- Promotional poster

Chinese name
- Traditional Chinese: 凶宅專賣店

Standard Mandarin
- Tongyong Pinyin: Syōngjhái jhuānmài diàn

Southern Min
- Tâi-lô: ok-tshù tsuan-bē-tiàm
- Genre: Horror Thriller
- Written by: Lin Pin-chun; Yeh Ching-ju;
- Directed by: Lester Hsi; Hao Fang-wei;
- Starring: Christopher Lee; Hong Huifang; Shih Ming-shuai; Fandy Fan; Buffy Chen; Allison Lin;
- Country of origin: Taiwan
- Original languages: Taiwanese Mandarin, Taiwanese Hokkien
- No. of seasons: 1
- No. of episodes: 10

Production
- Producer: Lo Pei-yi
- Production company: True Fun Entertainment

Original release
- Network: Disney+
- Release: January 16, 2026 – present

= Haunted House Secrets =

2026 Taiwanese horror drama television series

Haunted House Secrets (凶宅專賣店) is a 10-episode original Taiwanese horror television series that premiered on Disney+ on January 16, 2026. The series was inspired by real-life events.

==Plot==
Haunted House Secrets follows the protagonist A-Ze, who decides to sell the haunted house he has lived in for many years in order to raise money for his younger sister Hsin Ai's heart transplant. However, by chance, he becomes a rookie real estate agent at "Yi-Sheng Realty", a shop specializing in selling haunted houses. This haunted house specialty store is home to a group of partners with distinct personalities, who partners with a psychic team to resolve the lingering obsessions, regrets, and grudges of restless spirits attached to these homes.

==Cast==

| Actor | Role | Description |
|---|---|---|
| Christopher Lee | Tseng Kuo-hsiung | Owner of "Yi-Sheng Realty". |
| Fandy Fan | A-Ze | A rookie real estate agent who decides to sell the haunted house he has lived in for many years in order to raise money for his sister's heart transplant. |
| Buffy Chen | Hsiao Mo | Psychic girl |
| Hong Huifang | Pi Ying-hsüeh | Psychic granny. |
| Shih Ming-shuai | Chen Yung-jen | Estate agent. |
| Allison Lin | Chiu Wan-yü | Chen Yung-jen's wife, who is also a police officer. |

==Production==
Director Lester Hsi stated that his creative inspiration came partly from the South Korean film Along with the Gods: The Two Worlds. He pointed out that as an Asian country that also values funeral rites and folk beliefs, Taiwan also has the cultural foundation to develop its own narratives on the themes of life and death. Hsi believes that in addition to creating a suspenseful atmosphere, the work also hopes to convey emotional warmth and guide the audience to view themes such as haunted houses and the dead from different perspectives.

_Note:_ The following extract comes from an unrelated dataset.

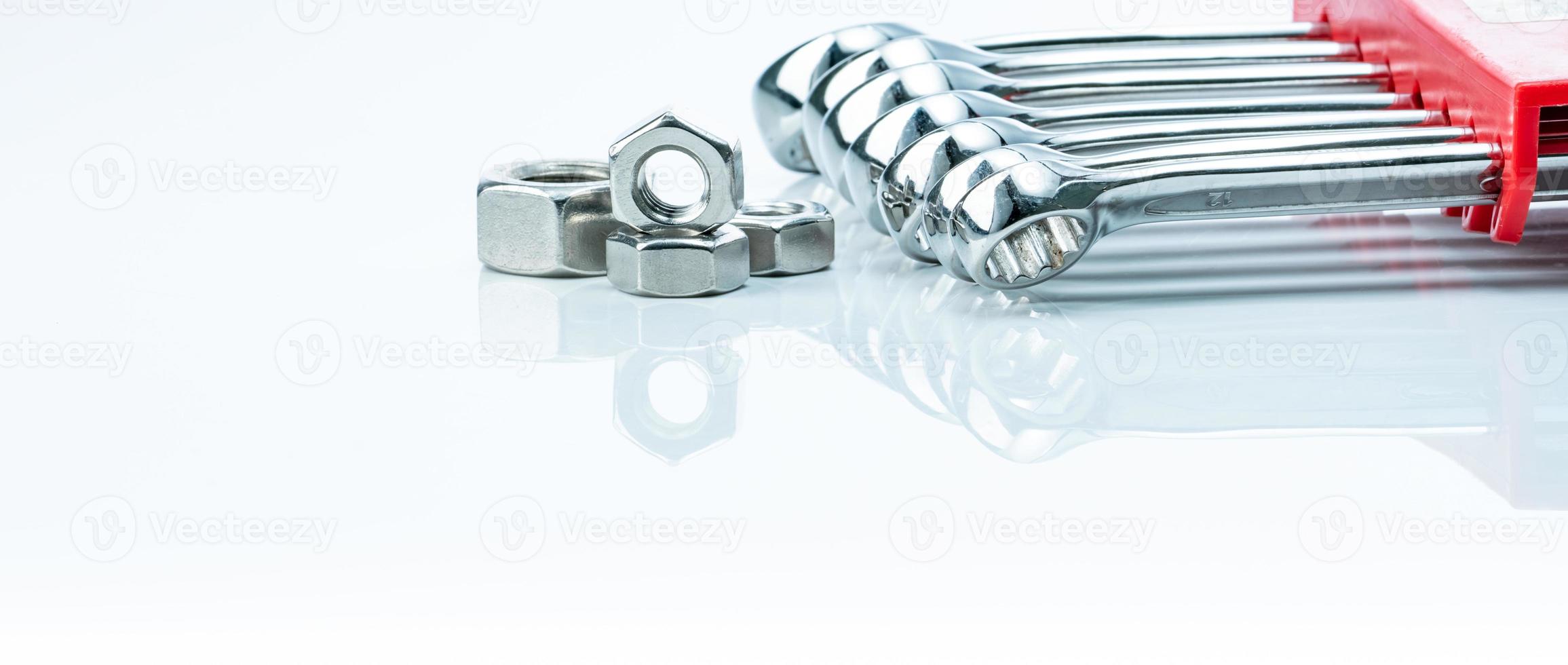 Metal hexagon nuts and chrome wrenches isolated on white background. Mechanic tools for maintenance. Hardware tool. Fastener with a threaded hole. Set chrome spanner wrench and nuts. Silver wrenches. photo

The principal photography of the film began in March 2024.

==Release==
On 27 June 2025, the first two episodes of Haunted House Secrets premiered at the Taipei Film Festival at Zhongshan Hall. An illustrated poster designed by visual artist Steven Tung was also unveiled on the same day. The two directors, producer Lo Pei-yi, and the main cast attended the premiere. A media tea party was held on 24 January, where the main cast members gave interviews.

The series premiered on Disney+ on 16 January, 2026, with two episodes released every Friday. Within 48 hours of its release, the show ranked number one on Disney+'s trending charts in Taiwan.